Dwarf: Endurance 3, Charm 1.
Elf: Agility 3, Endurance 1.
Gnome: Endurance 3, Strength 1.
Half-elf: All 2s. Some elven abilities instead of extra points.
Half-orc: Strength 3, Knowledge 1, Charm 1.
Halfling: Agility 3, Strength 1.
Yeah, that's pretty easy. The racial powers/abilities would require statting out as advantages and disadvantages, but most of the D&D races only get a +2/-2 adjustment... which amounts to a +1/-1 change when you get to the actual modifiers. Pretty minor, all things considered.
Cinematic martial arts (like D&D monks) could be handled by making a special magical art. You'd still use your Brawling and Wrestling skills to take people down, but the spells of this art would boost you.
You'd generally either want to cast a scene-long boost or do a "cast & strike" where you cast a one-off spell (like Super Punch) at the same time as you swing at someone. This art might well have special rules reducing or eliminating the normal penalties for trying to do that sort of thing.
Its effects would cover all of the usual martial arts superhuman stuff... punches that shatter steel, super-jumps, innate armor, et cetera. But it wouldn't be able to boost or alter others except by touch and effects that work on other people would be secondary or tertiary.
Okay, how do I want to handle languages / area knowledge?
I'm thinking that attacks of opportunity (the free swing you get at someone who's leaving themselves wide open by turning their back on you or trying to run past you while you have a weapon out) should only work if you're wielding a Light weapon. A Heavy one (thinking Ironclaw-style here) can't be maneuvered into place in time, and so doesn't let you get attacks of opportunity.
Another interesting thought is saying that blunt weapons use Agility as their base stat, but you also get to add 1/2 of your Strength rating to the attack roll. They might use (Agility+Strength)/2 instead.
First, he needs a name. A central character needs a striking and appropriate name, and one that isn't too easy to make a joke out of.
Chacham? Hebrew for "wise one".
Adam?
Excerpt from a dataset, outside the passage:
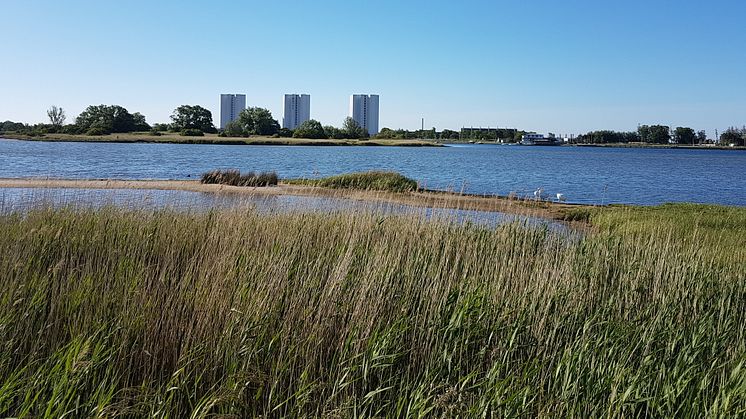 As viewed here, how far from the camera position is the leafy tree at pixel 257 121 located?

A good, "first man" name, and would give his mysterious background a little Biblical touch.
Adahn? A reference to Planescape as well as a cute name.
Aristeus? Greek for "the best".
Erebus? Erebos? Greek for "the personification of primordial darkness". Perhaps that's a better name for the Devourers? Or for the void they come from.
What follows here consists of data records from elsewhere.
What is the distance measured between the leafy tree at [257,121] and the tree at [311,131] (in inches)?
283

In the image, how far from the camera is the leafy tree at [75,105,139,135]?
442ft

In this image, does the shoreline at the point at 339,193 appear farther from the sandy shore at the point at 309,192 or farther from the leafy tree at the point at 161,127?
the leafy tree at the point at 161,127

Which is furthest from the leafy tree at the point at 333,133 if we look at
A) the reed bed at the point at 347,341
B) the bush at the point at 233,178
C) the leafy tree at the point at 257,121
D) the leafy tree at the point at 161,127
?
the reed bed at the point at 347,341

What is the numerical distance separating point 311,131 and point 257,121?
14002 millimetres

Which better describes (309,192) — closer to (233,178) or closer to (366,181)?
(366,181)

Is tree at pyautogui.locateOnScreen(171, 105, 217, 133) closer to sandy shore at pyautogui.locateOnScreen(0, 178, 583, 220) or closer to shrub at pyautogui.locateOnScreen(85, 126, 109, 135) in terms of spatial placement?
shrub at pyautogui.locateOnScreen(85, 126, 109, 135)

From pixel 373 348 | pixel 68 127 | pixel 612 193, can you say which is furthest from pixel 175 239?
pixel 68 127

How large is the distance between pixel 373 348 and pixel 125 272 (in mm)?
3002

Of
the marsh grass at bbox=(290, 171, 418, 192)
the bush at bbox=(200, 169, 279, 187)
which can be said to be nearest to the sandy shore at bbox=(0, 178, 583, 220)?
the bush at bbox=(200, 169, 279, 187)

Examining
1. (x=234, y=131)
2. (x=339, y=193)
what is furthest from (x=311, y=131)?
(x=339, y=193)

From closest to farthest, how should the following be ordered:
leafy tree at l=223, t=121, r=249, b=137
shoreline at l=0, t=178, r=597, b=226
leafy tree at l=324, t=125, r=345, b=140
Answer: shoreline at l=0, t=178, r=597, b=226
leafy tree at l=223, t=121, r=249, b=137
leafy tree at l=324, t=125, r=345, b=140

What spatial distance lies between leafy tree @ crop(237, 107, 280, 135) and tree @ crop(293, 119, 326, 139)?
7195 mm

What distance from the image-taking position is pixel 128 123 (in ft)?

Evander. Descended from the Greek for "good man".
Jasthai. Semi-greek for "to heal".
Leander. Greek for "lion of a man".
Polemos. War.
Chamenos. Lost.
Hm. Evander looks best so far. It's a reasonable name, still used in modern times. Has an appropriate meaning and sounds a little foreign without being just random syllable slapped together.
Okay, let's start with that. Evander the Gray Man some of them call him. A grim, tough figure with blocky, square features and wild, unkempt hair. His eyes are orange. He's bulky and tough and fabulously strong. His age is unknown. He apparently settled in Hybris at least a couple of centuries ago. A few war refugees found one of the portals and came through; they eventually persuaded him to help bring their friends and family across safely. This started a steady progression... Evander is good at Portal magic and Hybris's wandering portals make it easy to open them up at specific locations in their target realm.
Evander gives the impression of a gruff, powerful warrior who has found himself stuck with all of these pitiful refugees and can't trust anyone else to run things. The portals can't bring across more than a few families at a time, but he feels compelled to rescue what few folks he can.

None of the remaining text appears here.